In January 2010, California became the first state to offer parents another path when it passed the Parent Empowerment Act, aka “parent trigger” law. This measure allows parents to force turnaround efforts at a school, similar to those framed by the federal School Improvement Grant program, including reconstitution as a charter and replacement of half the staff. Since then, six other states have adopted “trigger” legislation (including Ohio, which passed a pilot program for Columbus City Schools in 2011). Another twenty-plus have considered (or are currently considering) similar legislation. This form of parent empowerment has merit, even if it hasn’t actually happened yet in real places. Indeed, no real school has successfully implemented a parent trigger—for school systems, teacher groups, and other establishment forces have myriad means available to block it.
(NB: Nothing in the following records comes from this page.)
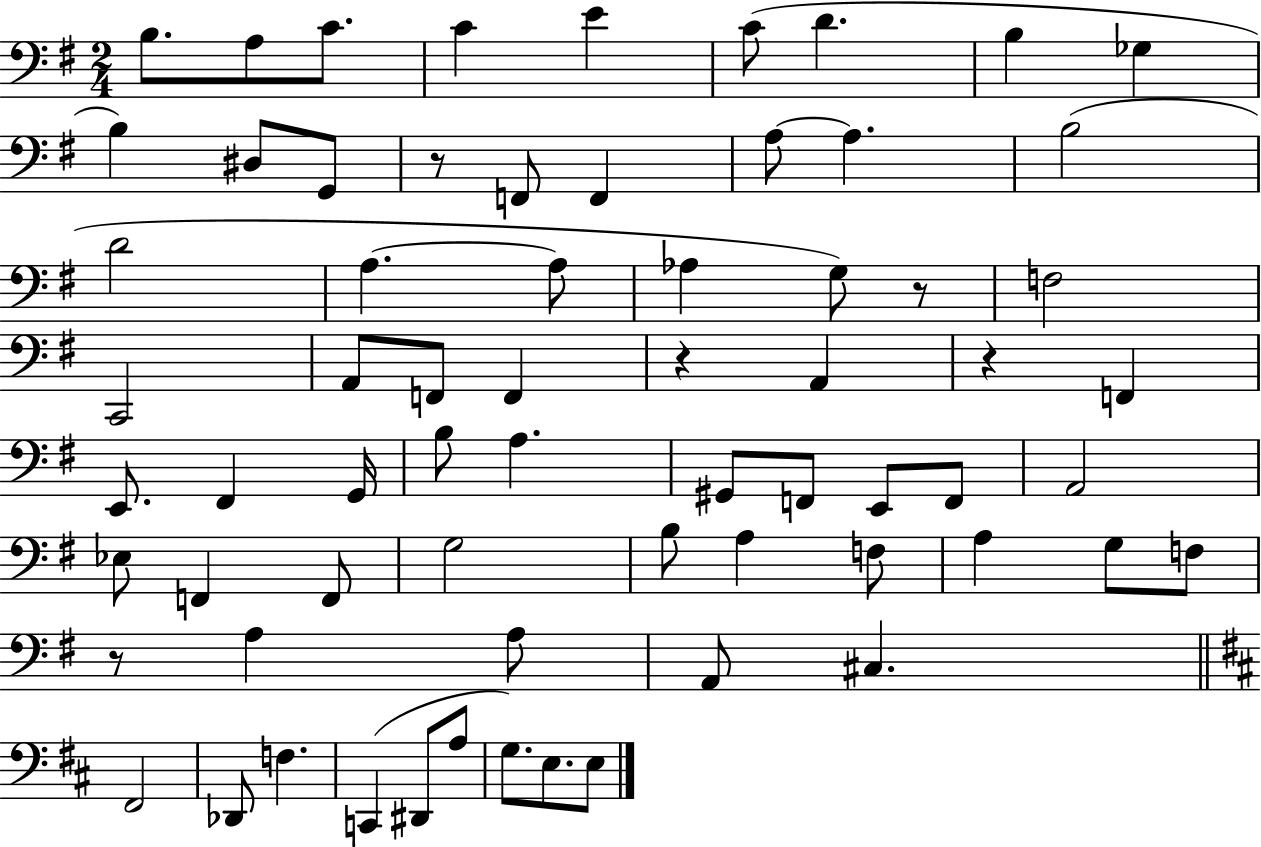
X:1
T:Untitled
M:2/4
L:1/4
K:G
B,/2 A,/2 C/2 C E C/2 D B, _G, B, ^D,/2 G,,/2 z/2 F,,/2 F,, A,/2 A, B,2 D2 A, A,/2 _A, G,/2 z/2 F,2 C,,2 A,,/2 F,,/2 F,, z A,, z F,, E,,/2 ^F,, G,,/4 B,/2 A, ^G,,/2 F,,/2 E,,/2 F,,/2 A,,2 _E,/2 F,, F,,/2 G,2 B,/2 A, F,/2 A, G,/2 F,/2 z/2 A, A,/2 A,,/2 ^C, ^F,,2 _D,,/2 F, C,, ^D,,/2 A,/2 G,/2 E,/2 E,/2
For a preview of how it might really happen, we turn to Hollywood: This film—produced (and presumably subsidized) by Philip Anschutz’s Walden Media and starring Viola Davis (The Help, Doubt) and Maggie Gyllenhaal (Crazy Heart)—chronicles the efforts of two moms (one of them also a teacher) as they struggle to reconstitute their horrific Pittsburgh elementary school under the state's hypothetical "Fail Safe Act." (No, Pennsylvania hasn’t passed a parent-trigger law yet.)
All the essential—and predictable—characters are featured: The apathetic and/or change-averse school-board members; the conniving teacher-union head; the vindictive and heinous principal; the dedicated teachers—and also those more worried about pension accrual (or job retention) than student achievement. Maybe it’s a little formulaic. But maybe it needs to be if viewers are successfully to imagine something that hasn’t yet happened in the real world.
How do we keep fiction from permanently being truer than reality?
To the filmmakers’ credit, the politics and charged emotions on display within and among these groups feel plenty real. While parent-trigger legislation is the muse of Won’t Back Down, issues of choice, unions, governance, curricular design, instructional effectiveness, and school (and individual) accountability are also present. A couple of kids have disabilities. Parents don’t have much money—and are at their wits’ ends to get their children a decent education in a gritty neighborhood. Your eyes may well moisten as you watch.
Showcasing such issues in a general-distribution movie (coming tomorrow to a theater near you) is apt to widen the fan base for parent-trigger legislation and perhaps other needed reforms. That’s undeniably a good thing to do. The question then becomes: How do we keep fiction from permanently being truer than reality?